Tuesday, 30 July 2013

Todays harvest

Here is some of the harvest for tonight. Lots of beans and peas, and the first of the summer squash.

 
I have started to make sour dough bread. I have been making bread in a breadmaker for along time now. Recently I started to make it out of all spelt flour, as that is meant to be more healthy to eat.
That made nice bread.
But I have avoided making the even more healthy sour dough bread because,I wasn't sure it would work in the breadmaker(and I love my breadmaker).Since we returned to Canada in June, I have been playing around with making the sour dough starter and then making the bread. Everything I read suggested that making sour dough bread in a breadmaker wasn't that successful. With my first attempts,I fussed around, with the breadmaker hoping for the best. It turned out great from the start, and now I just throw the ingredients into the breadmaker as I used to for yeast bread, and have had consistently good results. I'll try and get my recipes up here for the starter and the bread.

Monday, 29 July 2013

How and why I garden


I love to eat and I love to garden, it's that simple.
I don't want to eat pesticides or herbicides, so I don't use them.
Because of the way we live I garden in four very diverse climates. In Canada(zone 4) I have a short season garden-2 1/2 months frost free if I am lucky, followed by very cold winters. In New Zealand I garden in a mild temperate climate-almost frost free all year round, and in Thailand I am gardening in a tropical climate.
Most of my garden practises are based on a permaculture approach. That is I try to be sustainable and build in lots of diversity which cushions me against crop failures and pest invasion.
My gardens aren't big, but there is always something to eat in them no matter what.
I try and eat in season, and according to the country I'm gardening in.
I have compost bins and worm farms on the go, and every now and then spend enough time in one place to even keep chickens
.
Here is the garden on June 29th a few weeks after arriving back in Canada, just weeks after the last frost of the season.

 
and here it is again today, 1 month later.

 
 
I am eating lettuces, arugula,peas-both sugar snap and sno pea,beans,summer squash,pak choi,rhubarb,basil,chives, parsley.
The lettuce and parsley self seeded from last fall,so that gave me a good start.

Sunday, 28 July 2013

Beans and Peas

I've been saving the seed from these beans for a while now. They started as roquefort, a yellow variety. But it seems like they have started to cross with the purple podded variety I also have on the go.They taste great,so I'm not that worried.At least they are still a bush variety while the purple podded beans are definitely climbers.

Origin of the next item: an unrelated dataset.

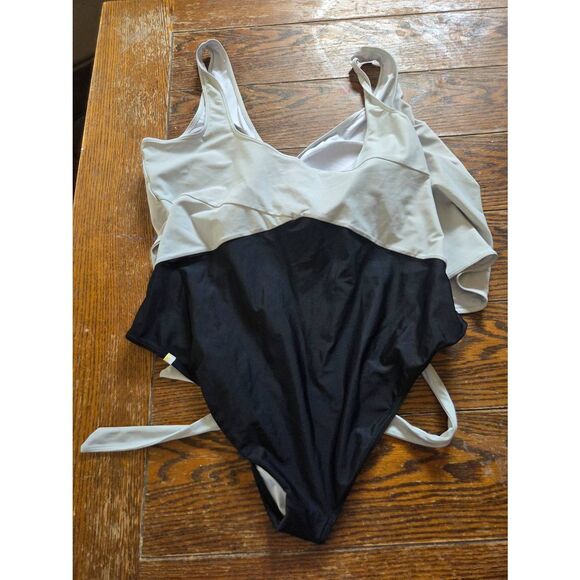 Summersalt The Perfect Wrap One-Piece in  Sea Urchin & White Sand sz 22 - Picture 5 of 5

The sno peas have started to produce before the sugar snap,which doesn't usually happen. This year though a deer go into the vege patch and chomped on the sugarsnap peas. They have bounced back, and are starting to flower again. The fence around the garden is a 3' high chicken wire fence. Obviously not a deterrent for the deer. However extensions screwed into the corner posts and fine bird netting draped around the garden to about 5' high seems to be a good deterrent. They don't seem to like the almost invisible bird netting, so stay away from it.

 

Saturday, 27 July 2013

Mid summer in Canada

I am gardening in cottage country,in zone 4b. The season isn't very long, but with the long days, and the heat of summer, things grow quickly.
 Now I'm half way through the gardening season. The garden is producing well inspite of a late start to the season. A combination of getting back to Canada later than usual, and then alot of cold weather, that seemed to continue into July.
But the hot weather has kicked in, and together with the long days and lots of rain, things have gone wild in the garden.
With the cool wet weather the beginning of July, the lettuce has done especially well.


Tomatoes were a little slower, but with the recent hot weather they are catching up.